• [Prompt]: Every line of the listing below from the one with "5 PANORAMICA INICIAL" up to and including the one with "Human sperms under" should be retyped exactly, and nothing else; pictures are not part of the copy.

• [Records shown]:
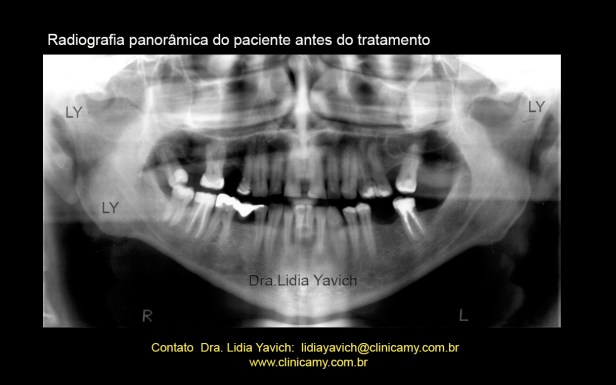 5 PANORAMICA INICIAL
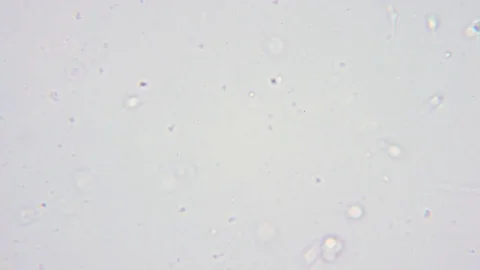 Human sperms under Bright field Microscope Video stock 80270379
==
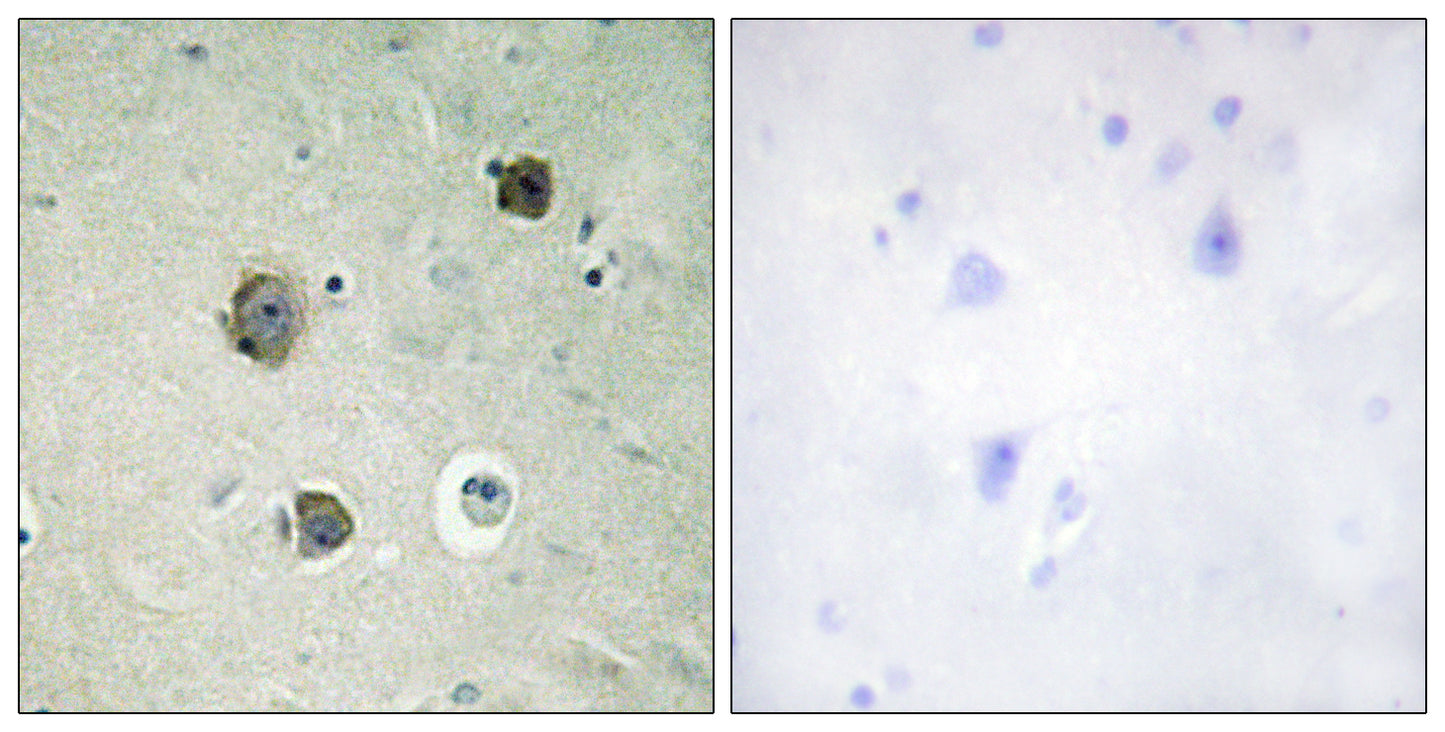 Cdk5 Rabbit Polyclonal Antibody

• [Answer for the task]:
 5 PANORAMICA INICIAL
 Human sperms under Bright field Microscope Video stock 80270379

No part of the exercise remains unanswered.